To begin with, we are fully aware of the irony of making this argument when our name, 'Qajuqturvik', literally means 'place to get soup'. We have retained this name for its history in the community, and its uniqueness—nowhere else is this name used, so there is little room for misunderstanding. By contrast, for most people—especially those who have never been in one—the English term 'soup kitchen' is likely to evoke images of long lines, downtrodden people, and very simple food, not unlike the nearly century-old image above.
More recently, in their appeals to the public many food charities (including ourselves) have used imagery and language that is the opposite of uplifting: elderly men with disheveled beards, outstretched hands holding empty plates, and words like "needy", "poor" and "hungry". The result of this is that it's hard to think of a 'soup kitchen' or 'food bank' without thinking that the recipients are in very desperate circumstances, when in reality people could be accessing these supports for any number of reasons, and often for a short period of time. The name itself creates a halo of shame for anyone who needs it, and it's a big reason why so many of those facing food insecurity (as much as 80%) don't access these services.
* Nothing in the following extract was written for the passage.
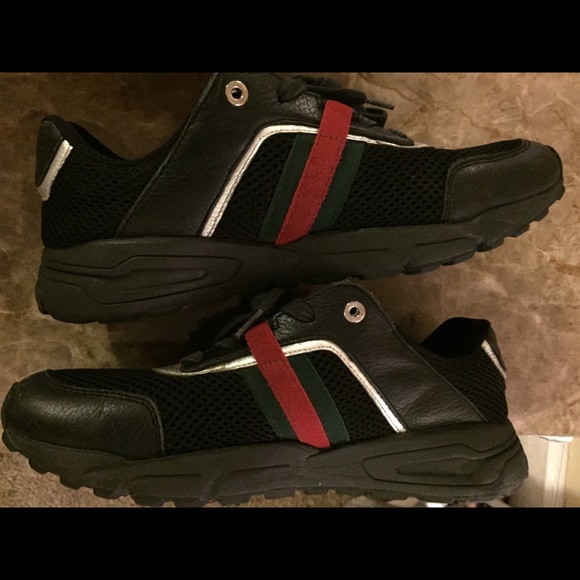 Womens Black Leather Gucci Trainers - Picture 2 of 4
Since soup kitchens are so well-established in public perception, it leads to an implicit assumption about what you can expect - a soup & sandwich, and not much else. Over the years we've expanded our scope and adapted the Community Food Centre model, which includes training, community-building, engagement and advocacy. We certainly provide meals, but we do so with the dignity of our guests constantly in mind, and our offerings are restaurant-quality. (one could argue that we have some of the best meals in town, but we don't want to offend our friends in the food industry :)
Finally, by adopting the label we don't want to perpetuate the myth that soup kitchens and food banks are an essential part of our society. After the Depression, the public were happy to see the end of the soup kitchens that had become a source of national embarrassment, and the result was the creation of social insurance policies that ensured a minimum standard of living for all. In the 1980s, a global recession, combined with gradual cuts to these policies, led to the rapid proliferation of food banks and soup kitchens as a 'temporary' measure to meet the basic needs of the newly jobless.
These were anything but temporary—forty years later we can count on a food bank in almost any community of a certain size. And unfortunately, this is an inefficient response compared to better income supports. One of the beneficiaries of this system are politicians, many of whom are eager to be seen volunteering at these charities; when the public feels food insecurity has been solved by food charity, politicians don't need to worry about food and income security as election issues.
Until we can count on social assistance being sufficient to meet people's basic needs, we will continue to provide these services to the public. At the same time, we will continue to advocate for a system that makes them obsolete. In the meantime, let's make the 'soup kitchen' label obsolete as well.